Canadian artist (1907 – 2005)

Marjorie "Jori" Smith (January 1, 1907 – November 25, 2005) was a key figure in the 1930s in initiating Canada's modernist art movement. She was a founding member of the Contemporary Arts Society in 1939.

==Biography==
Smith was born in Montreal, Canada on January 1, 1907. Her early training was at the Art Association of Montreal where she studied under Randolph Hewton. Subsequently, her studies took her to the École des beaux-arts de Montréal and in 1938 she became the only woman member in the Eastern Group of Painters. She was known for her landscapes and portraits of children painted in Charlevoix county in the 1930s and 1940s. She married Jean Palardy in 1930, and spent much of the following decade in the Baie Saint-Paul area with Palardy, himself a painter film-maker and antique expert. Friendships with writer Gabrielle Roy and ethnographer Marius Barbeau were honed in this period. She was a founding member of the Contemporary Arts Society, and her works were included in the exhibitions of the Art Association of Montreal. In 1998 she published Charlevoix County, 1930, based largely on an early manuscript of her memories of the people that she painted in the 1930s in rural Quebec. In 2002, Jori Smith was appointed a member of the Order of Canada. She was made a member of the Royal Canadian Academy of Arts.

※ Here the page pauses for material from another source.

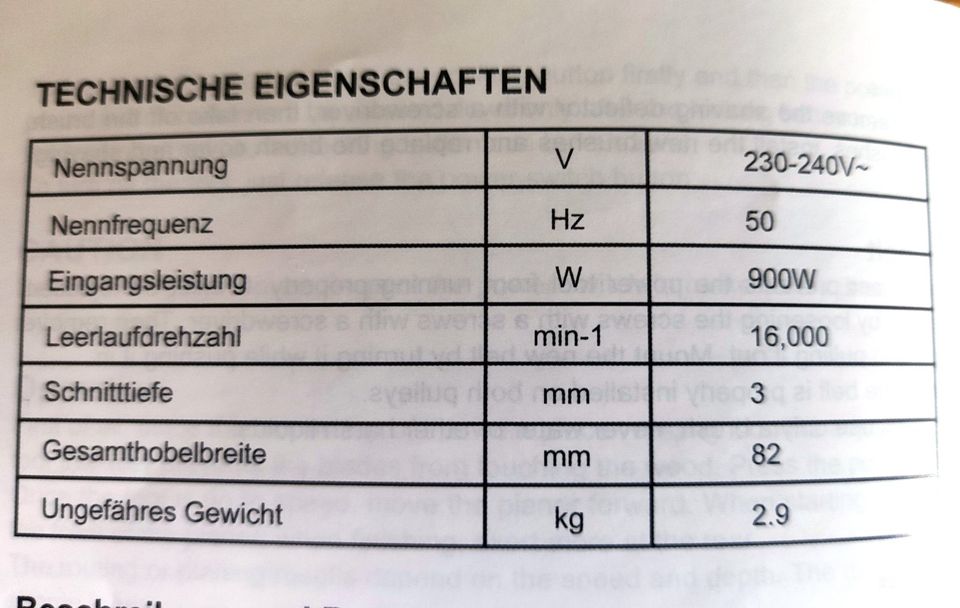 Elektrohobel TACKlife RES002, 900W, Hoch Leistung Motor in Mendig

Her memoirs, Charlevoix County, 1930, were published in 1998. The book was shortlisted for the QSPELL Mavis Gallant Prize and First Book Prize.

Smith died in Montreal on November 25, 2005.

==Works==
- Charlevoix County, 1930 ISBN 0-921254-83-0 (Penumbra Press; 1998);

==Legacy==
Her works are held in museums including the National Gallery of Canada, notably "The Communicant", dating from her many years at Petite Rivière St Francois. The Montreal Museum of Fine Arts, the Musée d'art contemporain de Montréal, and the Library and Archives Canada also maintain collections of her work.